A recent study, based on responses from 58,000 respondents in the US and 16,000 respondents in Europe, conducted by Forrester Research reveals interesting findings about the trust placed by consumers in various online advertising and promotion approaches (see figure below). The study shows that 70% of consumers in the US (61% in Europe) trust brand or product recommendations from friends and family. While 55% of US consumers (33% in Europe) trust professionally written online reviews and 46% of US consumers (38% in Europe) trust consumer written online reviews.
As outlined in a previous post in this blog, this level of trust in friends and online opinions doesn’t come as a surprise. It is the logical result of the good reputation that any person tends to have among his friends and the natural trust that online consumers place in authoritative reviewers and aggregated ratings (the so-called wisdom of crowds). Both friends and online authoritative and aggregated opinions can be viewed as reliable sources.

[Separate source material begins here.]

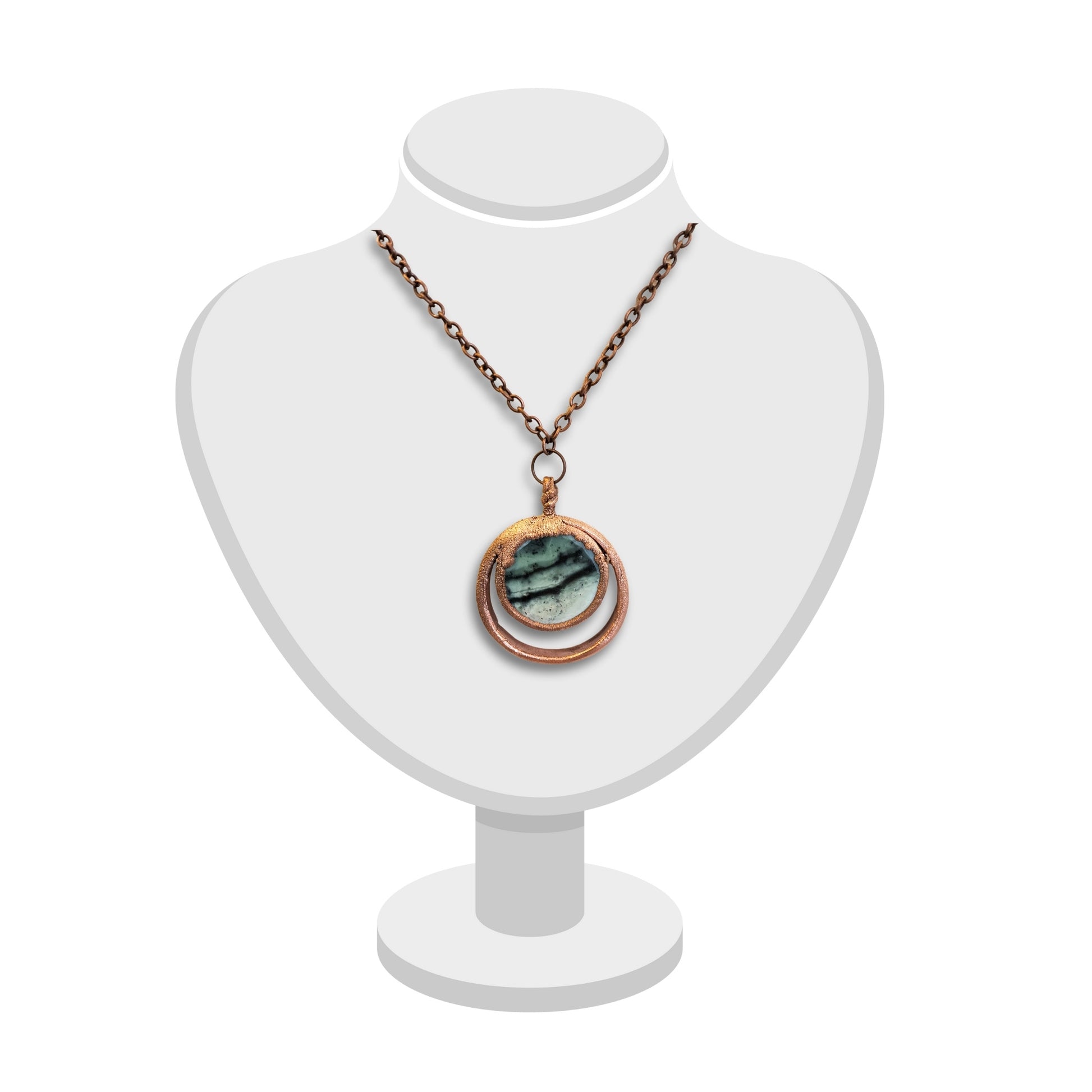 Handmade double loop greenstone pendant with textured copper displayed on white bust.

The recommendations from reliable sources are of primary importance, they help human brain in making decisions very quickly because they have a big impact on trust inference.
That is the reason why we do think that the digital world should move towards the establishment of topic-related, experience and/or expertise-oriented, trust-based hierarchies of reviewers. Those hierarchies will significantly reinforce, for the better, consumers’ reliance on online reviews and recommendations.